To understand why the universality claimed by standards is false, it is useful to start by considering how a standard is created. Any new knowledge is necessarily local before it becomes a standard– that is, it is formed in a particular context and situation. For example, a particular IT help desk process depends, among other things, on the budget of the IT department and the skills of the helpdesk staff. Moreover, it also depends on external factors such as organizational culture, business expectations, vendor response times and other external interfaces.
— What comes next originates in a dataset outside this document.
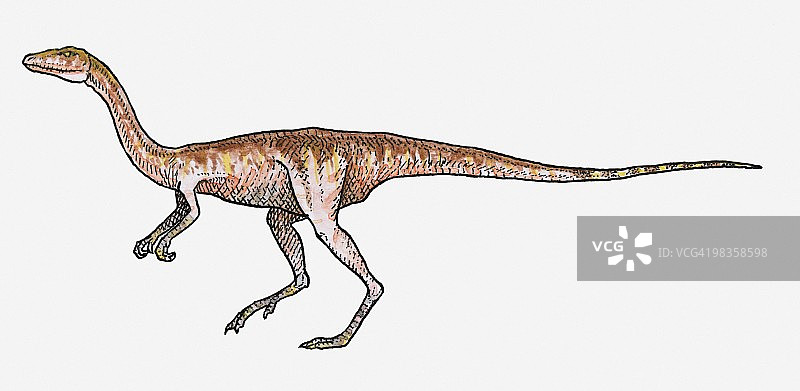 细颚龙兽脚亚目恐龙插画图片素材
Once a process is established, however, local context is deleted and the process is presented as being universal. The key point is that this is an abstraction – the process is presented in a way that presumes that the original context does not matter. However, when one wants to reproduce the process in another environment, one has to reconstruct the context. The problem is that this is not possible; one cannot reproduce the exact same context as the one in which the process was originally constructed. Consequently, the standard has to be tailored to suit the new situation and context. Often this tailoring can be quite drastic. Further, different units in within an organisation might need to tailor the process differently: the customisations that work for the US branch of an organisation may not work in its Australian subsidiary. So one often ends up with different organisational units implementing their own versions of the standard.
Related to the above point is the fact that standards are incomplete. We have seen that standards omit context. However, that is not all: standards documents are generally written at a high level that inevitably overlooks technical detail. As a consequence, those implementing standards have to fill in the gaps based on their knowledge of the technology This inevitably leads to a divergence between an espoused standard and its implementation.
Two people who read a set of high-level instructions will often come away with different interpretations of what exactly those instructions mean. Such differences can be overcome providing:
- Those involved are aware of the differences in interpretation, and
- They care enough to want to do something about it.
These points are moot Firstly, people tend to assume that their interpretation is the right one. Secondly, even if they are aware of ambiguities, they may choose not to seek clarification because of geographical, language and other barriers.
Some may argue that it is possible to work through some of the problems listed above. For example, it is possible – with some effort – to reduce incompleteness and ambiguity. Nevertheless, even if one does this (and the effort should not be underestimated!), there are other factors that can sabotage the implementation of standards. These include:
- Politics – It is a fact of life that organisations consist of stakeholder groups with different interests. Quite often these interests will conflict with each other. A good example is the outsourcing vs. in-house IT debate, in which management and staff usually have opposing views.
- Legacy – Those who want to implement standards have to overcome the resistance of legacy – the installed base that already exists within the organisation. Typically owners and users of legacy systems will oppose the imposition of the new standards, first overtly and if that does not work, then covertly. Moreover, legacy applications make demands of their own – infrastructure requirements, interfaces, support etc., each of which may not be compatible with the new standards.
- FUD factor – Finally, there is the whole issue of FUD (Fear, Uncertainty and Doubt) caused by the new standards. Many IT staff and other employees view standards negatively because they represent an unknown. Although much is said about the need to inform and educate people, most often this is done in a half-baked way that only serves to increase FUD.
Although the implementation of corporate IT standards can reduce an organisation’s application portfolio and the attendant costs, it does not reduce complexity as much as managers might hope. As discussed above, non-universality, incompleteness and ambiguity of standards will generally end up subverting standardization (see my post entitled The ERP paradox for an example of this at work). Moreover, even if an organisation addresses the inherent shortcomings of standards, the human factor remains: individuals who might lose out will resist change, and different groups will push to have their preferred platforms included in the standard.
In summary: a standardized IT environment will remain a mirage, tantalizingly in sight but always out of reach.